Attack is a bit strong....not attacking...just questioning the motive for the post.  It is like an African American bringing up the slavery issue.  I'm just sick and tired of people living in the past...trying to get people to feel sorry for them.

And the crazy thing is, the author of the article notes that Grant apologized and that the Jews of the day didn't hold it against him.  Obviously, this wasn't that big of a deal if he was able to get elected a couple of years after this event.

Maybe I was a little over the top in my response...but it is just tiresome to hear of the victims in the past.  We've all been victimized at one point or another.  Pull up your pants, strap on your boots and get over it.


----------



## vanguard1 (Dec 17, 2010)

still many people do not like the jews, why? they own the movie world, black men own the NBA, white men own the NHL. why?  because they are the best at what they do. it is simple the best at what they do make all the money. nothing wrong with that.


----------



## rjcruiser (Dec 17, 2010)

vanguard1 said:


> still many people do not like the jews, why? they own the movie world, black men own the NBA, white men own the NHL. why?  because they are the best at what they do. it is simple the best at what they do make all the money. nothing wrong with that.
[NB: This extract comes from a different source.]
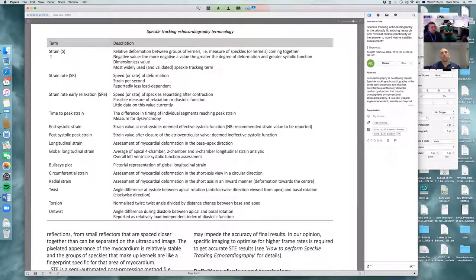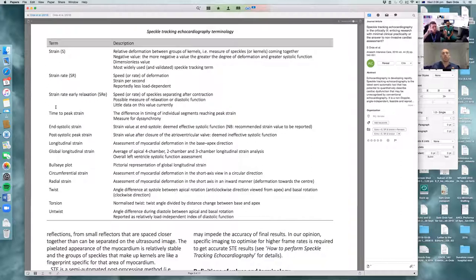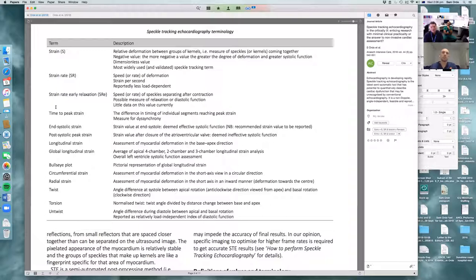Beyond strain, we can also get strain rate — the speed of deformation — as another way to assess systolic function. Similar to tissue Doppler's E' and A' at the annulus, we have strain rate early relaxation and strain rate atrial kick, which can serve as markers of diastolic dysfunction. We can also assess synchrony — if different parts of the myocardium are contracting at different times, we can measure time to peak strain: the interval between the earliest and latest segment contraction.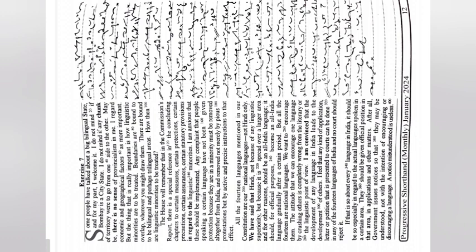It should for official purposes become an all India language gradually after a certain period. But all the 14 are national languages. We want to encourage them. The attitude that we can encourage one language by crushing others is completely wrong from the literary or linguistic point of view.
I have no problem with the Jews.  I have no problem with African Americans.  I have no problem with Latinos.  I don't judge people based upon their ethnicity...I do judge them based on who they are and what they do.


----------



## chiefsquirrel83 (Dec 17, 2010)

i got a problem with illegal latinos...


----------



## Lowjack (Dec 17, 2010)

rjcruiser said:


> I have no problem with the Jews.  I have no problem with African Americans.  I have no problem with Latinos.  I don't judge people based upon their ethnicity...I do judge them based on who they are and what they do.



I Do have problems with Luciferians,


----------



## Lowjack (Dec 17, 2010)

They came first for the Communists,
and I didn't speak up because I wasn't a Communist.

Then they came for the trade unionists,
and I didn't speak up because I wasn't a trade unionist.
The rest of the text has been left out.